SUPPLIED INFORMATION:
• • • • •

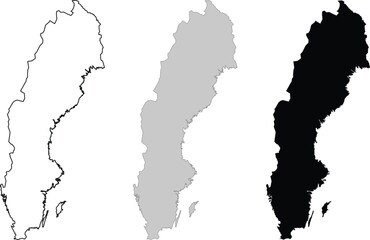 Fototapeta premium Map of sweden, outline, silhouette and grey shape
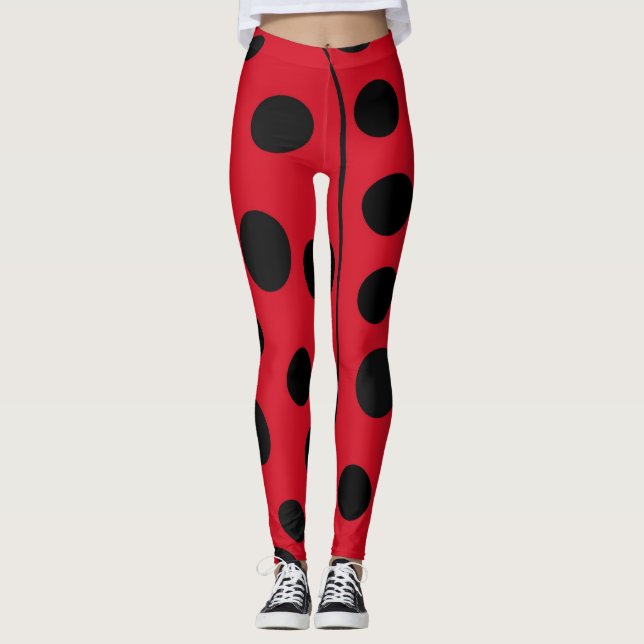 Ladybug Rote und Schwarze Spots Leggings (Vorderseite)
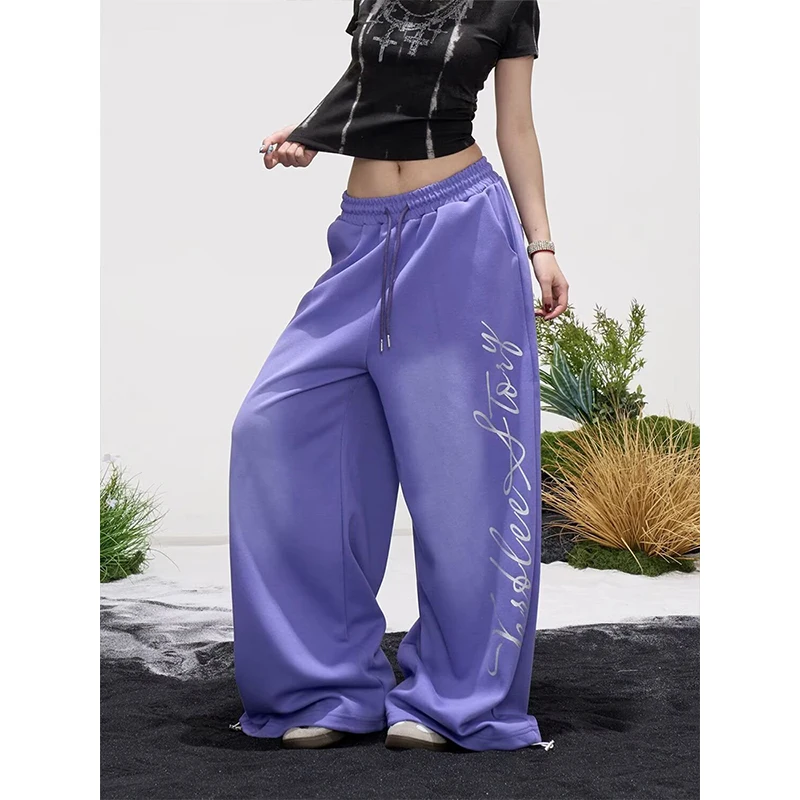 Women Blue Oversize Letter Pants Harajuku Baggy Sweatpants Y2k Vintage Streetwear Japanese 2000s Trousers Autumn Clothes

• • • • •

WHAT YOU NEED TO DO: Since the pictures are not part of the copy, transcribe only the remaining material, exactly.

TASK OUTPUT:
 Fototapeta premium Map of sweden, outline, silhouette and grey shape
 Ladybug Rote und Schwarze Spots Leggings (Vorderseite)
 Women Blue Oversize Letter Pants Harajuku Baggy Sweatpants Y2k Vintage Streetwear Japanese 2000s Trousers Autumn Clothes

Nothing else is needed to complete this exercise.